Start of RECORD EXTRACTS
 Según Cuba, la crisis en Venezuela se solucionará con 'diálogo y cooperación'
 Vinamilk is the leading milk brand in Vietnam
End of RECORD EXTRACTS
Start of RECORD EXTRACTS
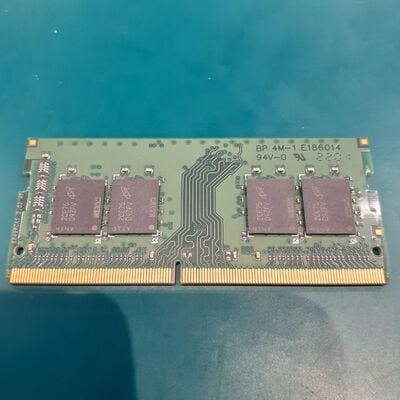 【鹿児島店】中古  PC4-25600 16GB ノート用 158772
End of RECORD EXTRACTS
Start of RECORD EXTRACTS
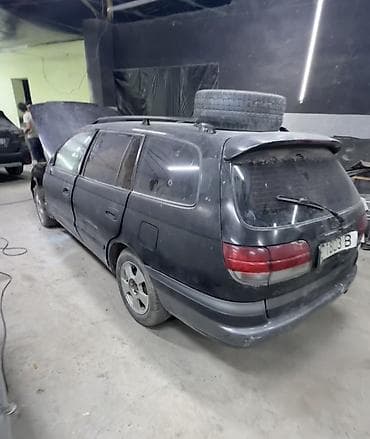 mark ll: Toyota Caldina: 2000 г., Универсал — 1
End of RECORD EXTRACTS
### TRY IT
Copy exactly the stretch of data above from the line with "Según Cuba, la" through the line with "Vinamilk is the", and omit all other lines.

### ANSWER TO THE EXERCISE
 Según Cuba, la crisis en Venezuela se solucionará con 'diálogo y cooperación'
 Vinamilk is the leading milk brand in Vietnam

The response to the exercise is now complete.